§ TASK BRIEF:
Output each line exactly as written, from the first line of the records to the line bearing "a house with", inclusive, while leaving every picture out.

[Records contained in a dataset]
*** Block opens ***

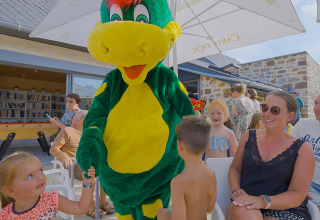 Mascotte vermaakt kinderen en families buiten bij Camping Les Genêts, een vakantiepark in Occitanië, Frankrijk.
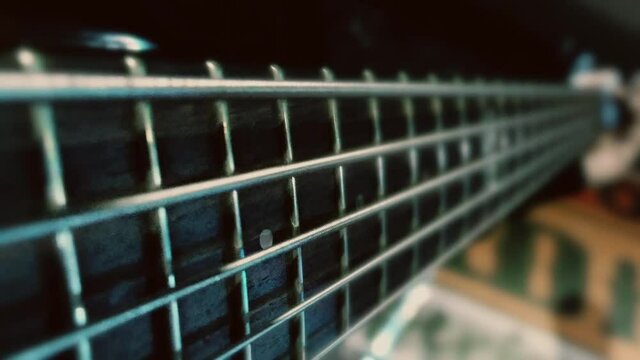 Bass guitar strings macro in slow motion.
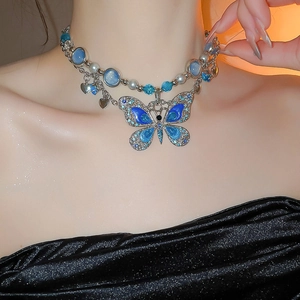 Gros plan du collier pendentif papillon avec émail bleu, cristaux et perles
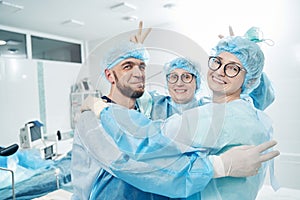 Nurse giving bunny ears to two colleagues in medical room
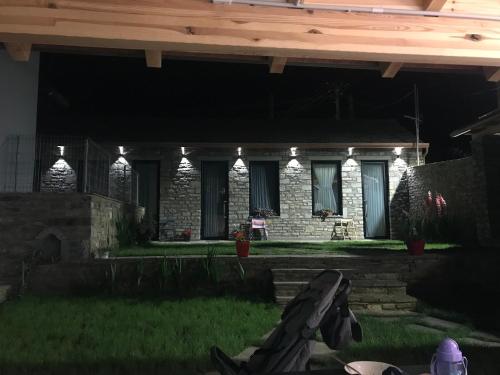 a house with lights on the front of it at night at Gogo Moustache Guest House in Përmet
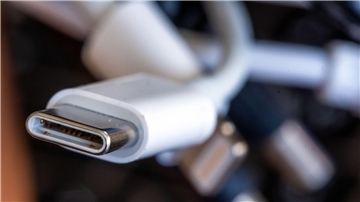 Ein Ladekabel mit USB-C-Stecker liegt neben einem Bündel unterschiedlicher Anschlusskabel.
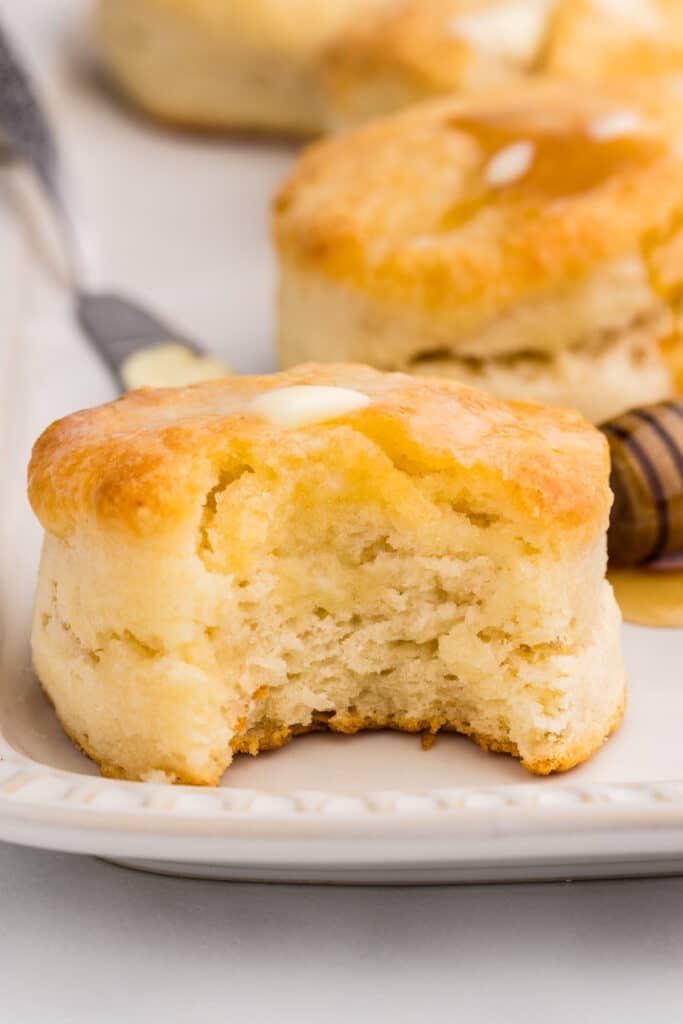 A golden biscuit with a bite taken out, showing its soft interior.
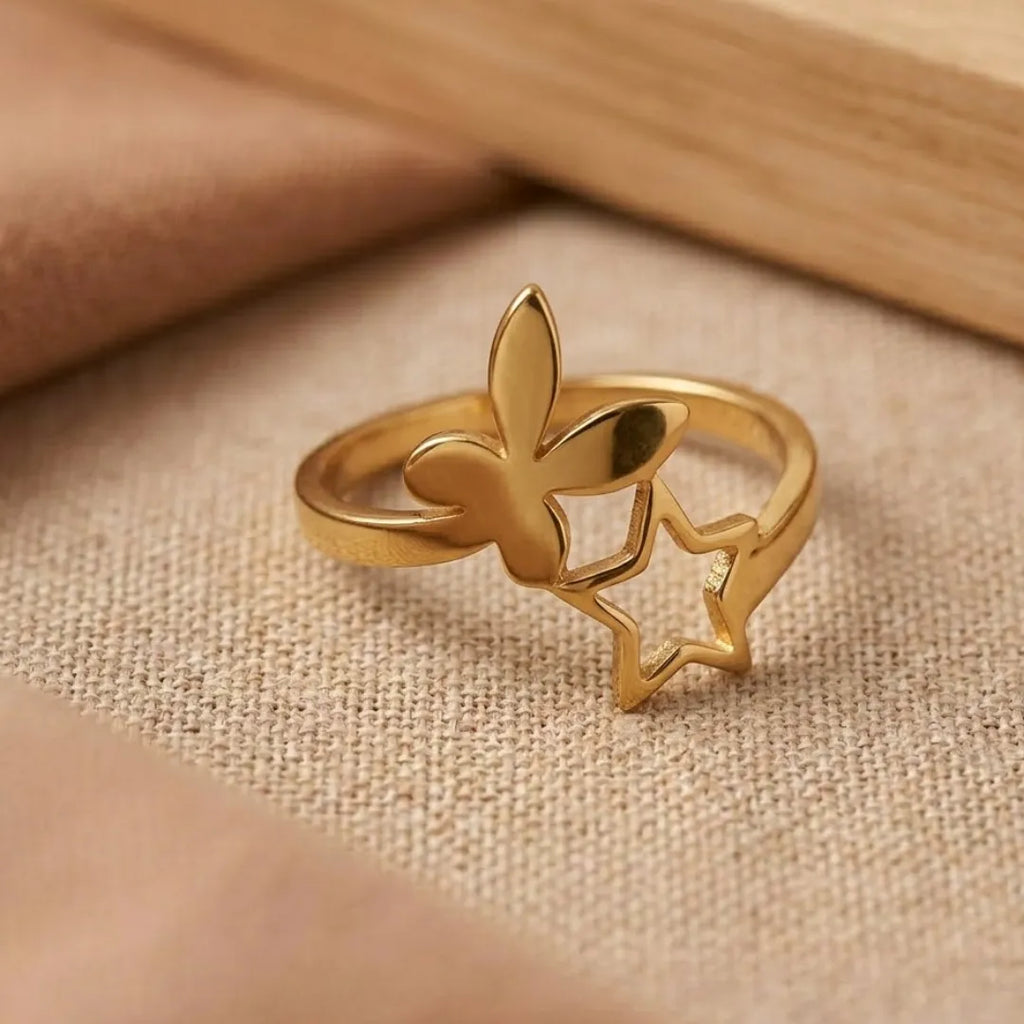Gold ring with butterfly design on a beige fabric background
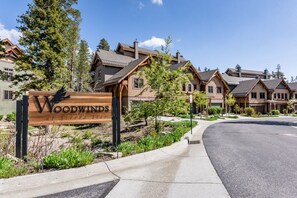 Welcome to Woodwinds at Sierra Ski Resort, where modern homes with pitched roofs are nestled among well-maintained landscaped greenery.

*** Block closes ***

§ SOLUTION TO THE PROBLEM:
 Mascotte vermaakt kinderen en families buiten bij Camping Les Genêts, een vakantiepark in Occitanië, Frankrijk.
 Bass guitar strings macro in slow motion.
 Gros plan du collier pendentif papillon avec émail bleu, cristaux et perles
 Nurse giving bunny ears to two colleagues in medical room
 a house with lights on the front of it at night at Gogo Moustache Guest House in Përmet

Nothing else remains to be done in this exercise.